Many of the Palestinians and Israelis I spoke with wanted to make one thing very clear: Anti-occupation is not anti-Jew or anti-Israeli. Rather, anti-occupation means opposing the power structures and ideologies that oppress the Palestinian people. Summing up the conflict as “Arabs versus Jews” neglects the diversity of both sides, largely because “Arab” is an ethnicity and “Judaism” is a religion, neither of which contain their manifold ethnic, political, and religious identities. I stayed with and learned from both Muslim and Christian Palestinians—though a waning population, Christian Palestinians play an active role in Palestinian society, organizing and peacefully protesting with their Muslim neighbors. Almost 45 percent of Israelis self-identify as secular non-Jew, and many actually oppose their own government’s occupation.
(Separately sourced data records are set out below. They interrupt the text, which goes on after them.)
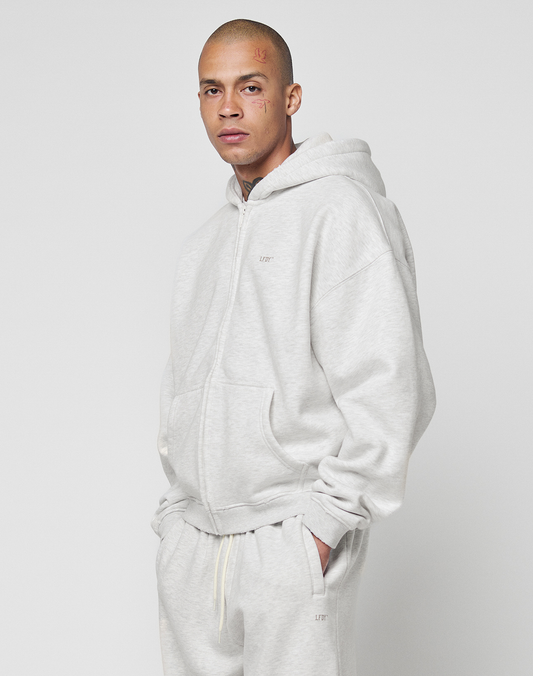 A person wears the LIVE FAST DIE YOUNG Basic Hooded Zip and matching sweatpants, featuring brand logos, standing against a white background with hands in pockets, looking at the camera.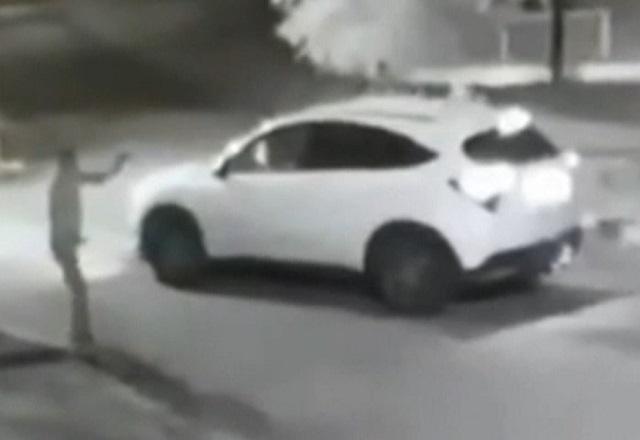 Homem de pé, armado, aponta arma para veículo branco roubado em rua do RJ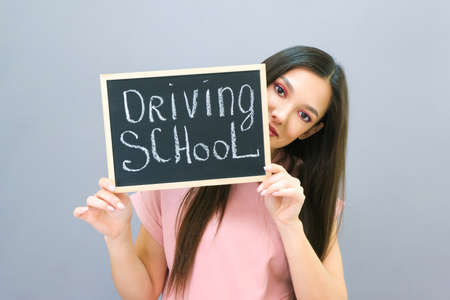 Driving school idea and concept, student driver passed the exam, drivers license, beautiful happy young woman, holding a car in her hand. on a gray background. plate with the inscription Driving schoolの写真素材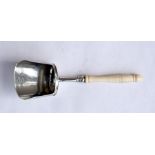 A George IV silver & ivory handled caddy spoon, 9cms (3.5ins) long.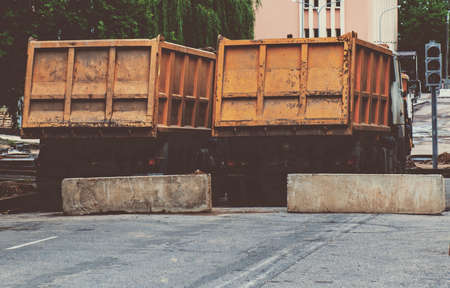 A row of yellow heavy dump trucks, view from the rear.の写真素材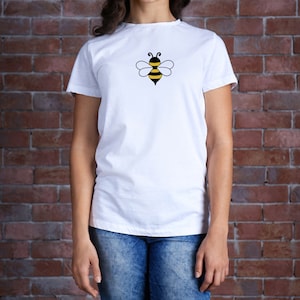 May include: White t-shirt with a black and yellow bee graphic on the front.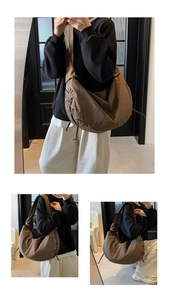 Détail d'un grand sac bandoulière marron plissé avec œillets métalliques et lacets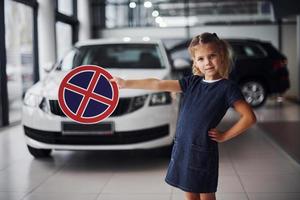 portret van schattig weinig meisje dat houdt weg teken in handen in auto- salon foto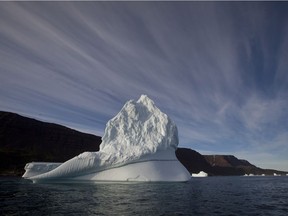 In this July 2011 file photo, an iceberg floats in the sea near Qeqertarsuaq, Disko Island, Greenland.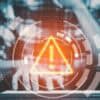 Hacker using laptop showing redis critical vulnerability with RCE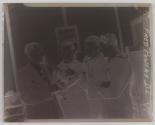[Howard A. Schumacher showing a Speed Graflex camera to three sailors]
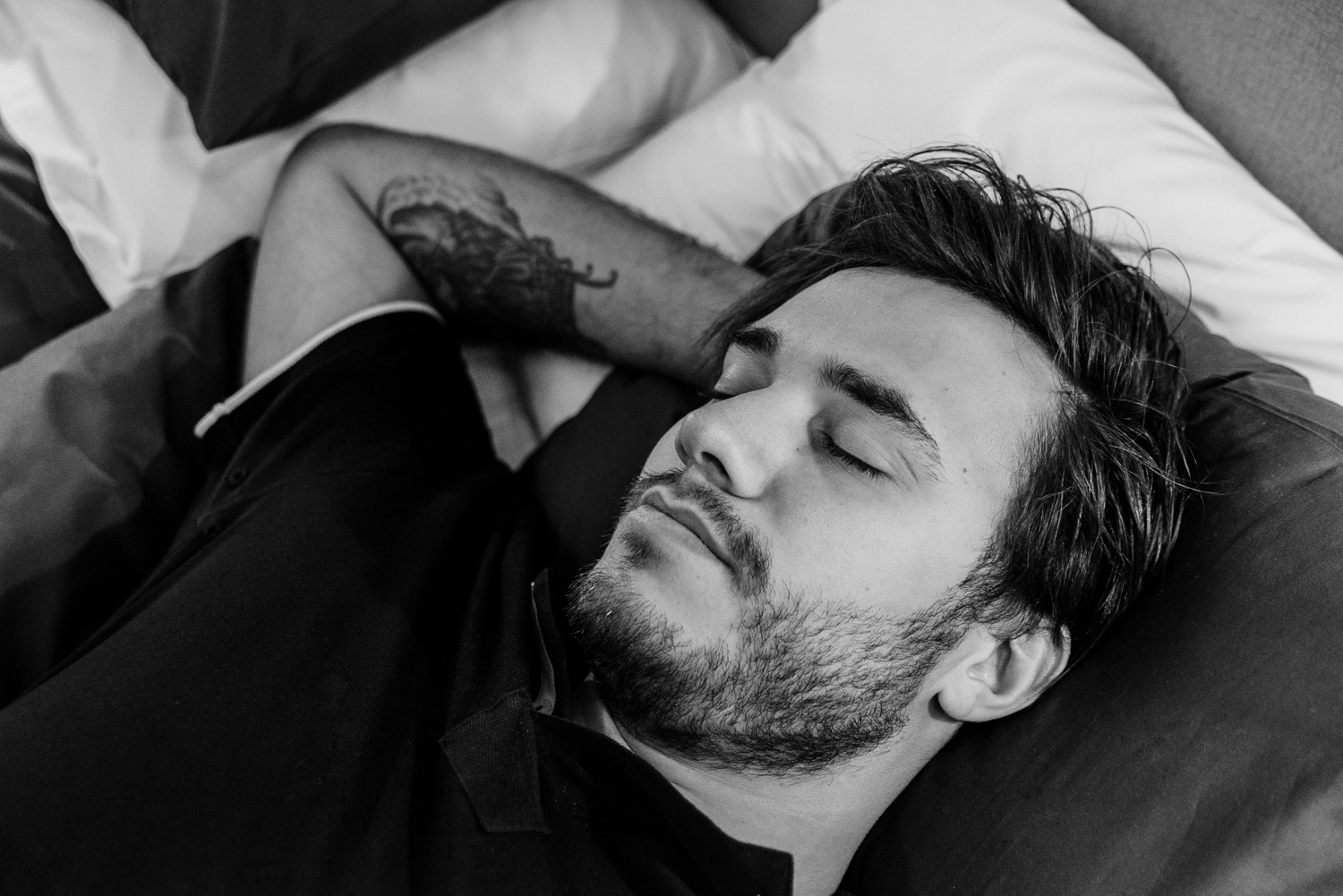 Man Sleeping in Bed - Black and White Photo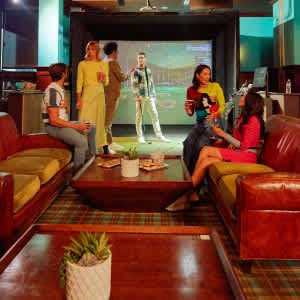 a group of people in a living room with a tv at Two Lincoln Tower Apartments, Bellevue, WA, 98004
In fact, the Jewish Voice for Peace is one of the leading groups against the occupation and Zionism.
The occupation is neither a religious nor an ethnic issue; it is a human rights issue. Refraining from action out of fear of antagonizing a nationality or a religion can no longer be an excuse. Taking a side means challenging the oppressive movement of the Israeli occupation, expressed in ongoing home demolitions and rapidly growing settlements.
As Americans, our conversations domestically have large-scale ripple effects abroad, our political and social presence influences international verdicts, and our neutrality deters the liberation of Palestine. And so, both culpable and empowered, we have a choice: To remain apathetic, or to listen, learn, speak, and act as allies of a people under oppression. I choose the latter.